É isso que o filme “Gritos e Sussurros” nos pede. Ingmar Bergman cria uma história que pode parecer simples à princípio (três irmãs, sendo que uma delas está morrendo, e uma empregada vivendo juntas em uma mesma casa) , mas que vai se revelando de uma profundidade de dar medo.
Quatro mulheres possíveis:
*Agnes (Harriet Andersson), a irmã doente, visivelmente desconfortável dentro de seu próprio corpo e que não encontra a paz nem na morte.
*Maria (interpretada por Liv Ullmann, que era para Ingmar Bergman o que Penélope Cruz é para Almodóvar), uma mulher que não tem o mínimo peso na consciência de despertar sentimentos aos quais não é capaz de retribuir.
*Karin (Ingrid Thulin), a irmã aparentemente mais velha, que nutre um ódio por todos à sua volta e por si mesma.
*Anna (Kari Sylwan), a empregada solitária que transfere o carinho que sentia por sua filha morta para a enferma.

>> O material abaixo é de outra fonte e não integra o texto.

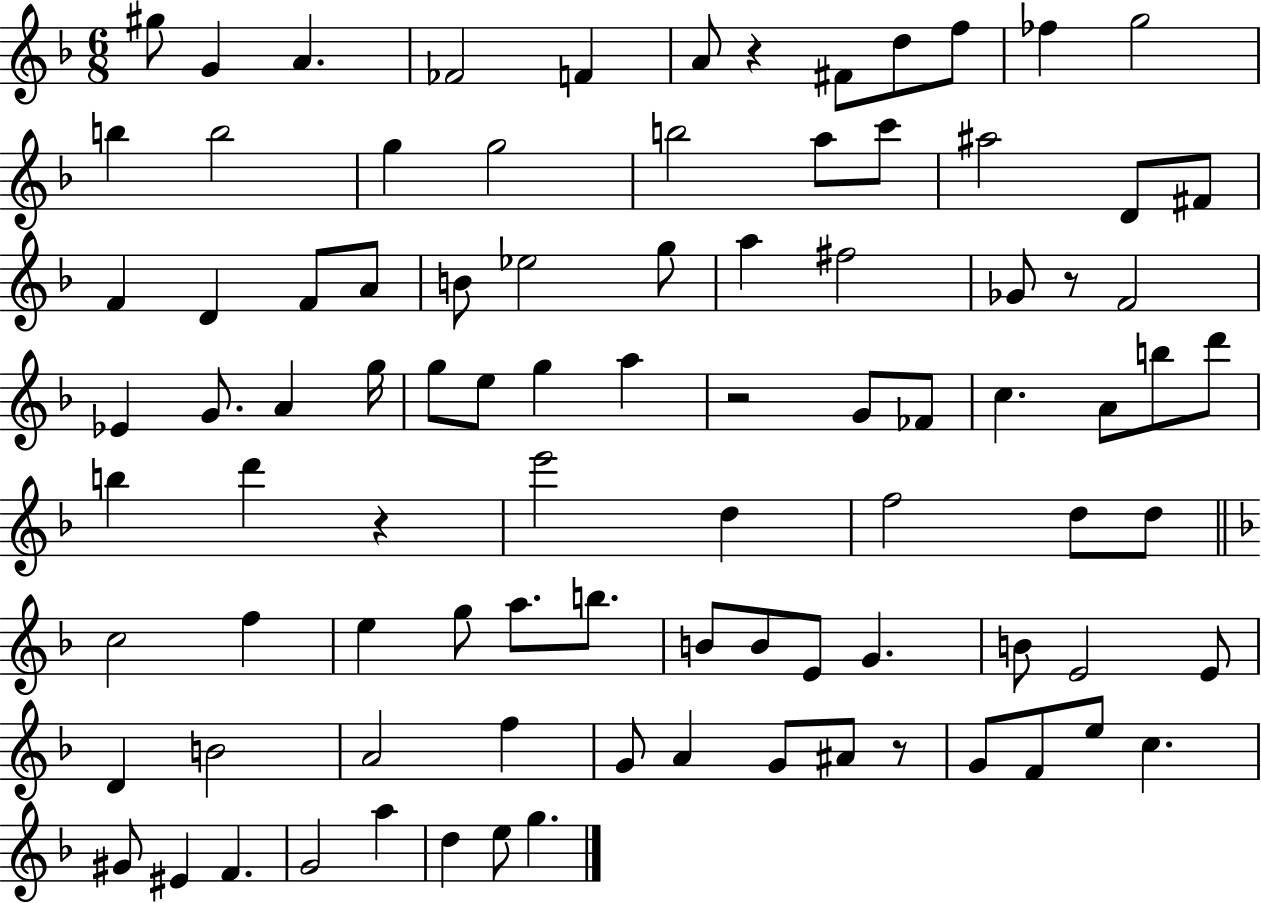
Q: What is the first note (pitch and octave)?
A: G#5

Os homens, nessa obra totalmente intimista, são meras figuras decorativas que não servem para nada a não ser como objetos de ódio e desejo das personagens femininas.

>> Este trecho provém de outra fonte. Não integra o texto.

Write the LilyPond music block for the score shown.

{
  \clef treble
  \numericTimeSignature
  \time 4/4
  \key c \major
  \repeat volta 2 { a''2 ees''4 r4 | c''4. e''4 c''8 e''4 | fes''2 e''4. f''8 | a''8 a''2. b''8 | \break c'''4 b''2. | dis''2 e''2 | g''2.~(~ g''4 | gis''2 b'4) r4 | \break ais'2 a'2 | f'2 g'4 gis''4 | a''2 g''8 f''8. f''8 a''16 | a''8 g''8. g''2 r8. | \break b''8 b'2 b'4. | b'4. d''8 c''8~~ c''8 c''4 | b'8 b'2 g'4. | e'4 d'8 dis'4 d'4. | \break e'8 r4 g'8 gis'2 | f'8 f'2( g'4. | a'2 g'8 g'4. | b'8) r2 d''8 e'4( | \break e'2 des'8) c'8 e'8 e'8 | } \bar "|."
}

Com excessão da cena final, três cores predominam: preto, branco e vermelho. A última é a que ilumina os closes nos rostos das personagens, que as farão recordar cenas do passado, e que nos darão a impressão de que algo horrível está para acontecer.
“Gritos e Sussurros” não é um filme agradável de se ver. Depois de o assistirmos, não é excitação ou emoção que tomam conta, mas sim um total desconcerto. Bergman nos faz questionar o quão fortes são as relações baseadas em laços de família e o quanto o humano tem capacidade de enganar a si mesmo.
Filme: Gritos e Sussurros; Ano: o mesmo de “O Último Tango em Paris”; Direção: a mesmo de “Persona”; Produção: a mesma de “Face a Face” Elenco: Liv Ullman, de “Persona”; Kari Sylwan, de “Face a Face”; Harriet Andersson, de “Dogville”; Ingrid Thulin, de “O Rosto”
GRITOS E SUSSURROS, pelo viés de Felipe Severo
felipesevero@revistaovies.com
Cortante, perturbador, repleto de closes silenciosos com teor mórbido e erótico. Uma obra-prima que tem como destaque a fotografia e a arte primorosas, interpretações viscerais e uma concepção de som que não poderia exaltar melhor o próprio título!